Soprano Melody Moore, previously featured in the 2012 recording of Getty’s opera Plump Jack, sings the role of Kathie, Chips’s beloved, short-lived wife. Her take of the character is full-throated and appealing. As Merrivale, baritone Lester Lynch (whose recital album with pianist Kevin Korth was released on Pentatone last fall) sustains the narrative and companionship with Chips in a luminous, engaging voice. Bass-baritone Kevin Short, in dual roles, artfully conveys both the brooding antagonism of headmaster Ralston and the benign support of Rivers, head of the school’s board of governors. The other singers aptly people the dynamics of challenge, loss, wisdom, and resolution over the two hours and 32 minutes of listening.

The San Francisco Boys Chorus, under the direction of Ian Robertson, represents the students of Brookfield School, where Chips spends his working life as teacher and interim headmaster. What’s dubbed the Barbary Coast Orchestra (a pickup team of musicians from the San Francisco Symphony and San Francisco Opera Orchestra) is conducted by Dennis Doubin, who led the ensemble on Getty’s 2018 choral album Beauty Come Dancing.

While back at Skywalker for another Getty project, a new recording of Plump Jack, Granner spoke about his prerelease experience of listening to the 7.1 surround-sound recording of Chips. “Leslie took us back to the control room and said, ‘I want to play you the bombing scene,’” he recounted. “Well, Skywalker is the recording division of fricking Lucasfilm, and they have sound effects.

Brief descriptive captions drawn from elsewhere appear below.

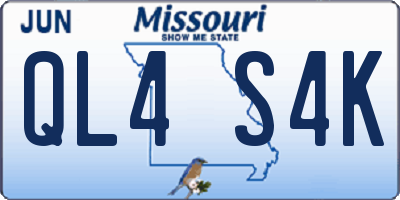 MO license plate QL4S4K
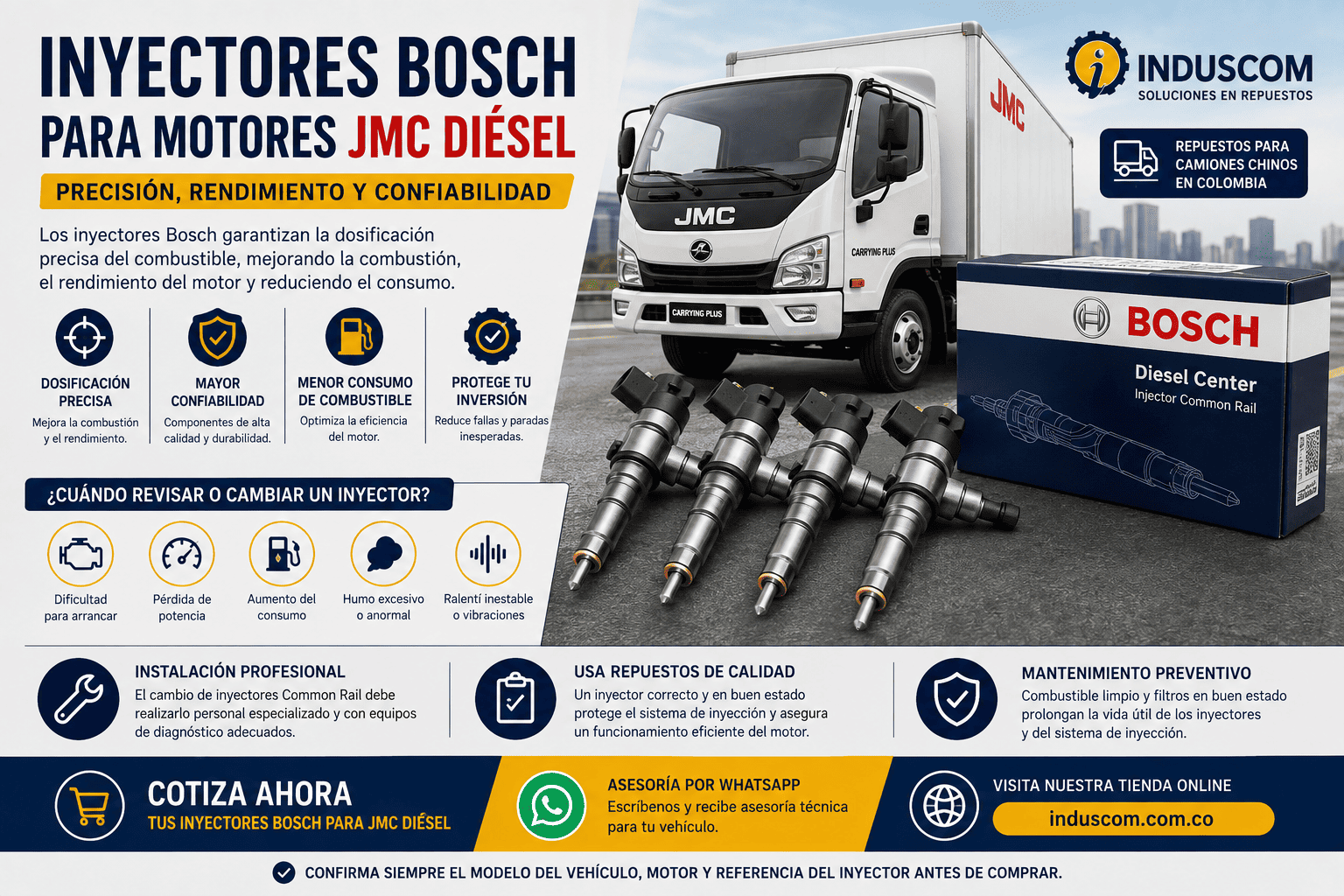 Comprar Inyectores Bosch para JMC Diésel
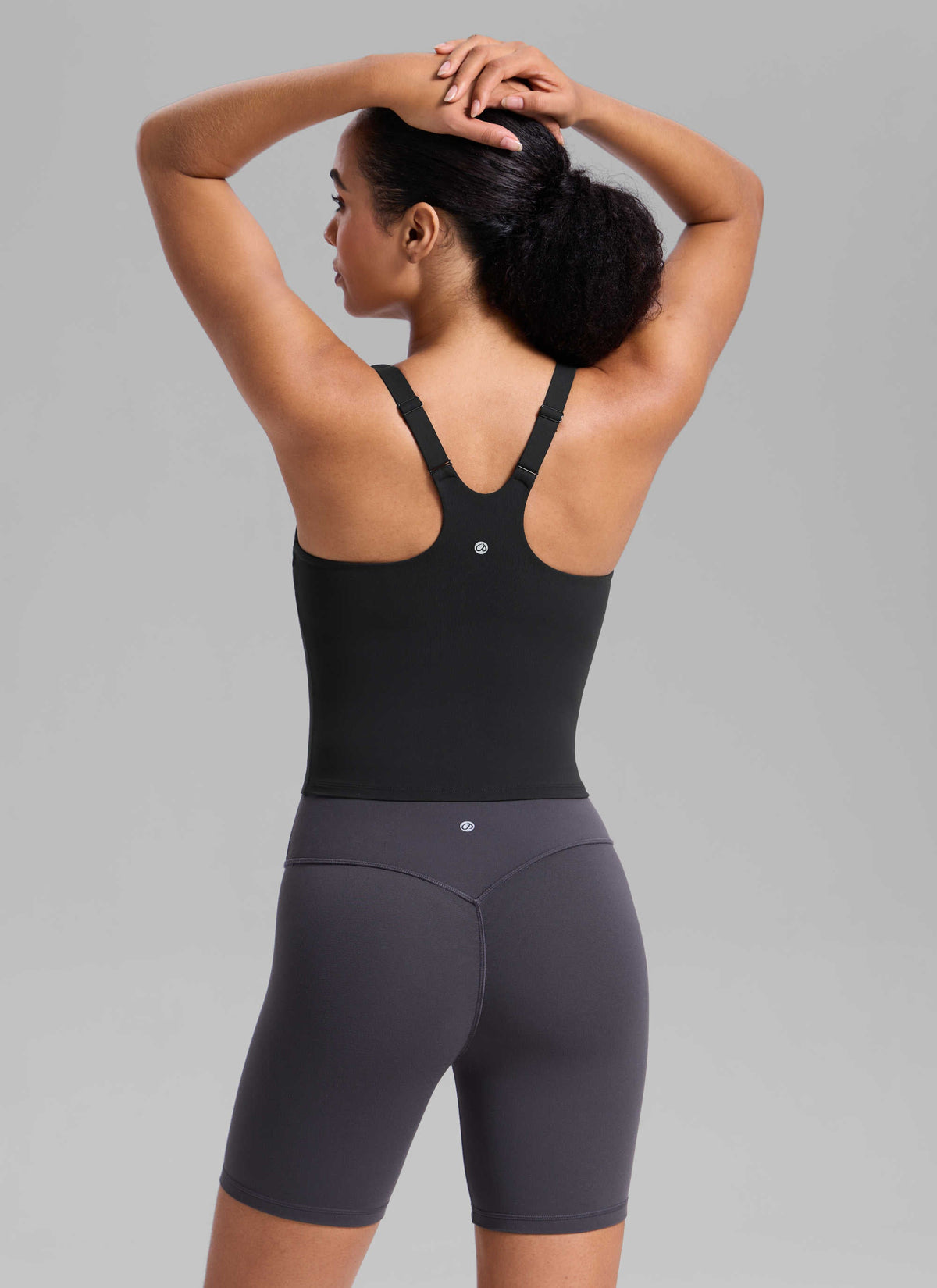 גופייה עם חזייה פנימית Butterlift V Neck Racerback עם רצועות מתכווננות - שחור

This is the scene where Chips is reading about the Gallic Wars to the students and they’re undergoing an air raid. And it’s just shaking the control room. Besides that, you have the close miking of all these beautiful instruments.”

Aside from the historical record secured for Chips by this release, the album is a testament to how well the music and lyrics, both by Getty, and the performance and production can hold the attention of audiences anywhere. “It’s really kind of like reading a book,” said Jones. “You really can’t put it down. You want to find out what happens next.”

“When I hear music like this,” added Granner, “I want to turn on the lanterns, put on a warm fire, and enjoy the realness of life.”